5. Moreover, double standards prevail in the measurement of
poverty. The 1U$/day criterion applies only to developing
countries. In the West, methods of measuring poverty have been
based on minimum levels of household spending required to meet
essential expenditures. In the US, the cost of a minimum
adequate diet is multiplied by 3 to allow for other expenses;
this comes up to around 11U$/cap/day. If this methodology would
be applied in developing countries, the overwhelming majority of
the population would be categorized as poor. In fact, with
deregulation and free trade, the cost of living in many Third
World countries is now higher than in the US.

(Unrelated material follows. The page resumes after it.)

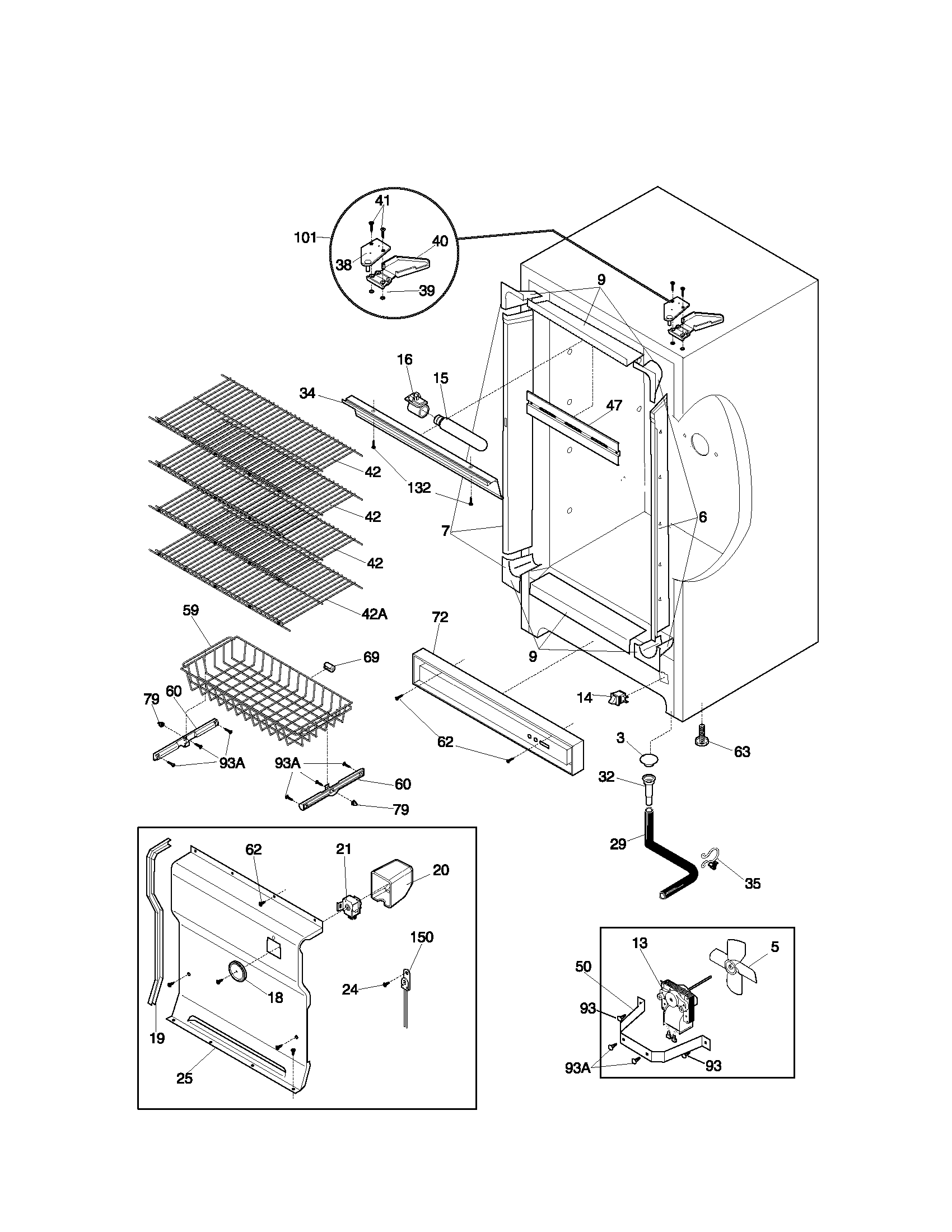 Kenmore 25321041104 cabinet diagram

6. Poverty assessments are largely office-based exercises
conducted in the capitals of the rich countries with
insufficient awareness of local realities; these realities --the
burden of ill-health of the poor, for example-- are often even
deliberately concealed. So, poverty indicators misrepresent
country-level situations, as well as the seriousness of
unrelenting global poverty; they serve the purpose of portraying
the poor as a minority group representing only some 20% of the
world's population. Future trends are forecast making poverty
appear declining.thus vindicating free market policies. The free
market system can then be presented as the most effective means
of achieving poverty alleviation. The benefits of the
technological revolution and the contributions foreign
investment and trade liberalization make are then quickly added
to the rosy picture (as a 'topping on the cake') without
identifying how these global trends foster increased poverty
levels.
7. Now briefly back to the social rights of women. In the
market-oriented approach, women's programs are framed in
relation to the opportunity costs and efficiency of focusing on
women's rights, i.e., investments in women's programs (including
those in reproductive health) are considered vital in achieving
the economic efficiency needed for development. The main
objective of such a justification is, therefore, not to enhance
women's rights, but --thru the economics of the free market-- to
make purportedly gender-centered investments that eventually end
up demobilizing the women's movement. The structural causes of
the poverty of women and of the way they are discriminated are
thus hidden or even denied.
Caveat:
8. We need to become more and more aware of these avenues of
deceit we are bombarded-with day-in-day-out. We need to debunk
these myths and communicate more effectively while doing so.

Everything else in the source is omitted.